- Raid on Dioura (2019): Part of Mali War
| Date | March 17, 2019 |
| Location | Dioura, Mali |
| Result | JNIM victory |

Belligerents
- Mali: Jama'at Nasr al-Islam wal Muslimin Katibat Macina; ;

Commanders and leaders
- Mohamed Sidati Ould Cheikh †: Amadou Koufa

Strength
- ~100: Several dozen

Casualties and losses
- 26 killed (per Mali and UN) 17 injured: 3 killed (per JNIM)

= Raid on Dioura (2019) =

Jama'at Nasr al-Islam wal Muslimin attack on Mali military base in 2019

The raid on Dioura was an attack on a Malian military base in the town of Dioura, Mali, by Jama'at Nasr al-Islam wal Muslimin (JNIM) on March 17, 2019.

== Prelude ==
The town of Dioura is located in the west of Mali's Mopti Region. Throughout the late 2010s, the region had been a hotspot for Katibat Macina attacks, a group affiliated with JNIM. However, western Mopti had less frequent attacks compared to eastern Mopti. At the time of the attack, the Malian base in the village was defended by a company of the Malian Army commanded by Mohamed Sidati Ould Cheikh. Later, JNIM stated that Amadou Koufa led the raid on Dioura, in contrast to the Malian Army's claims that the raid was led by Ba Ag Moussa.

== Raid ==
The attack began on the morning of March 17, around 6am local time. Several dozen jihadists launched the attack aboard pickups and motorcycles. Some attackers infiltrated the town of Dioura prior to the fighting. The raid began after an explosive-laden motorcycle driven by a suicide bomber rammed into the Dioura camp. The camp was then attacked from the north and the southeast. Malian soldiers at the camp put up a resistance that lasted several hours. The jihadists then set several vehicles, including tank trucks and ammo storage, alight. Around 4pm, the Malian government announced it had regained control of the Dioura camp.

== Aftermath ==
On March 18, the Malian government announced a provisional death toll of 23 killed and 17 wounded, with no Malian troops taken prisoner. Several soldiers who were initially declared missing were later found in villages around 20 kilometers from Dioura. A military source and local official stated the death toll was 21 Malian soldiers killed. The Malian opposition, Front for the Safeguard of Democracy, announced a toll of over 20 killed, along with twenty missing, eight vehicles burned, and eight vehicles captured.

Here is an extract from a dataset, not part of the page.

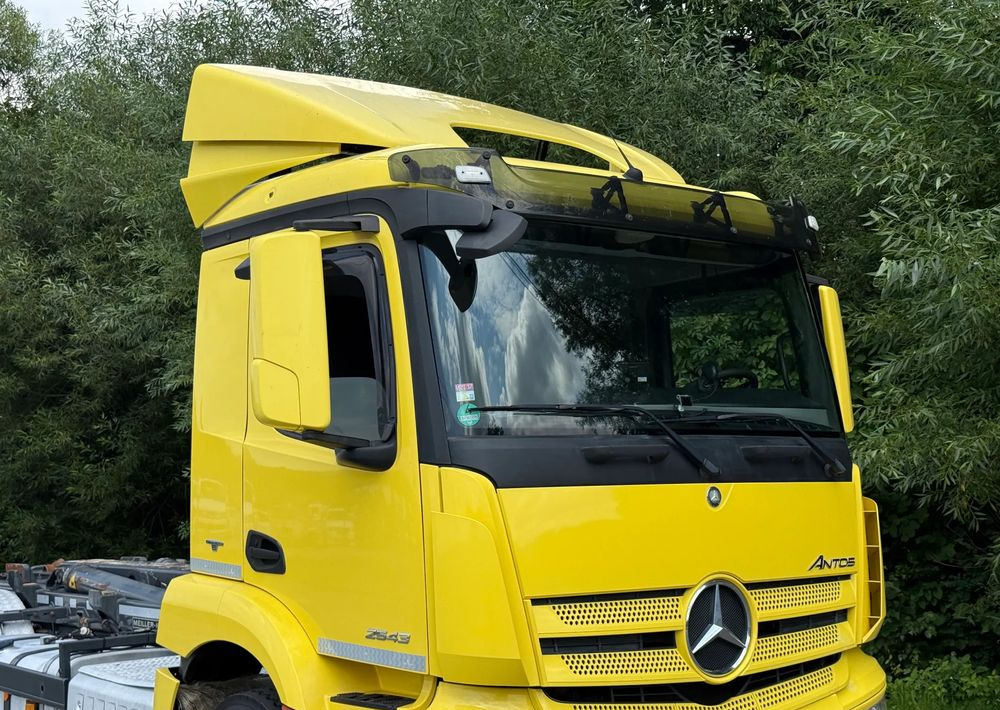 Mercedes-Benz * Hakowiec * Mercedes Antos 2543 * Sprowadzony * Stan Perfekcyjny - Camión multibasculante: foto 4 Mercedes-Benz * Hakowiec * Mercedes Antos 2543 * Sprowadzony * Stan Perfekcyjny - Camión multibasculante: foto 4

The commander of the Malian forces, Mohamed Sidati Ould Cheikh, was killed in the battle. The bodies were buried on March 18 near Dioura. On March 21, new bodies had been discovered, with the Malian government updating the death toll to 26 killed. This was corroborated in a May 31, 2019 MINUSMA report.

JNIM claimed that three of their fighters had been killed, along with the deaths of 30 Malian soldiers. The group also claimed the capture of several vehicles and a cache of weapons.

The raid on Dioura was the deadliest day for the Malian army since the Second Battle of Kidal in 2014.